[Task]
Transcribe each record exactly, but omit pictures.

[Data for this exercise]
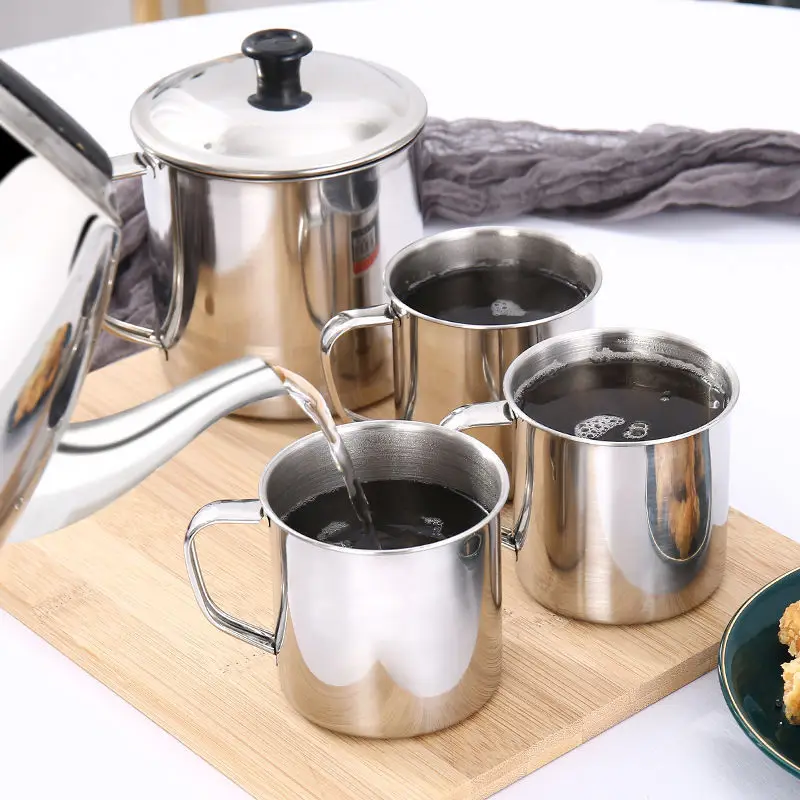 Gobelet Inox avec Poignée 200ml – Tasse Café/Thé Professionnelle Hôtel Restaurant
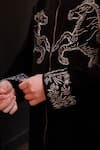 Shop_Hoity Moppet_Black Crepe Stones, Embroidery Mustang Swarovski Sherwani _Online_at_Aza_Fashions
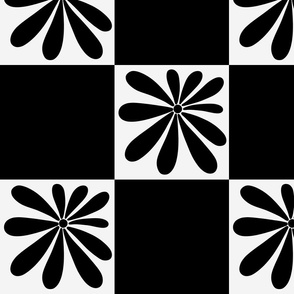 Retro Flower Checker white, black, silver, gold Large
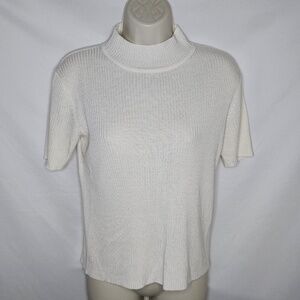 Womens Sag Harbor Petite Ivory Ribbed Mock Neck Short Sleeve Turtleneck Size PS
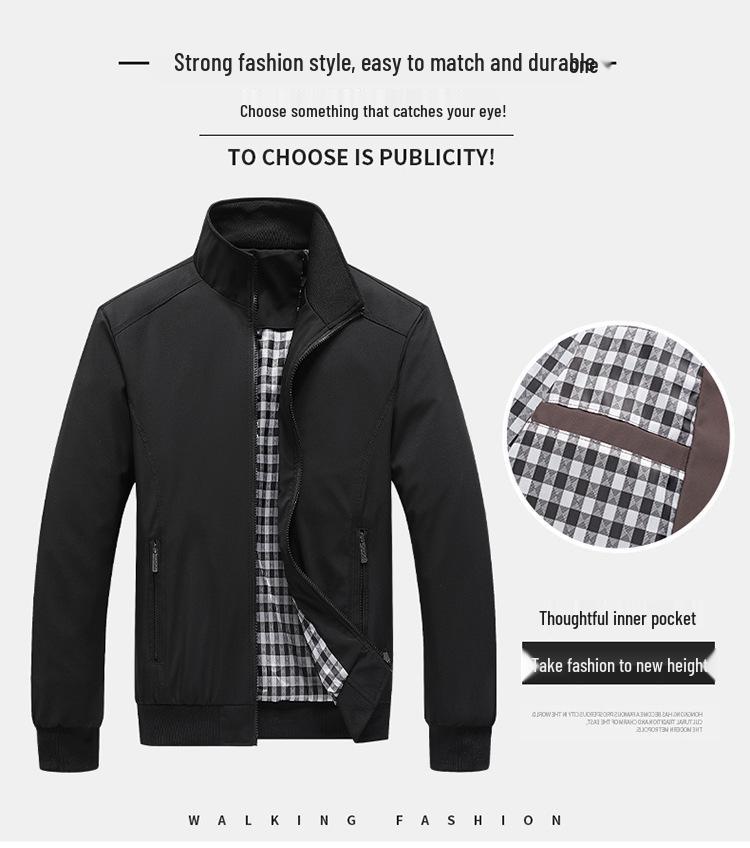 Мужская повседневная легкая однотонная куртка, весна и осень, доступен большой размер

[Response for this exercise]
 Gobelet Inox avec Poignée 200ml – Tasse Café/Thé Professionnelle Hôtel Restaurant
 Shop_Hoity Moppet_Black Crepe Stones, Embroidery Mustang Swarovski Sherwani _Online_at_Aza_Fashions
 Retro Flower Checker white, black, silver, gold Large
 Womens Sag Harbor Petite Ivory Ribbed Mock Neck Short Sleeve Turtleneck Size PS
 Мужская повседневная легкая однотонная куртка, весна и осень, доступен большой размер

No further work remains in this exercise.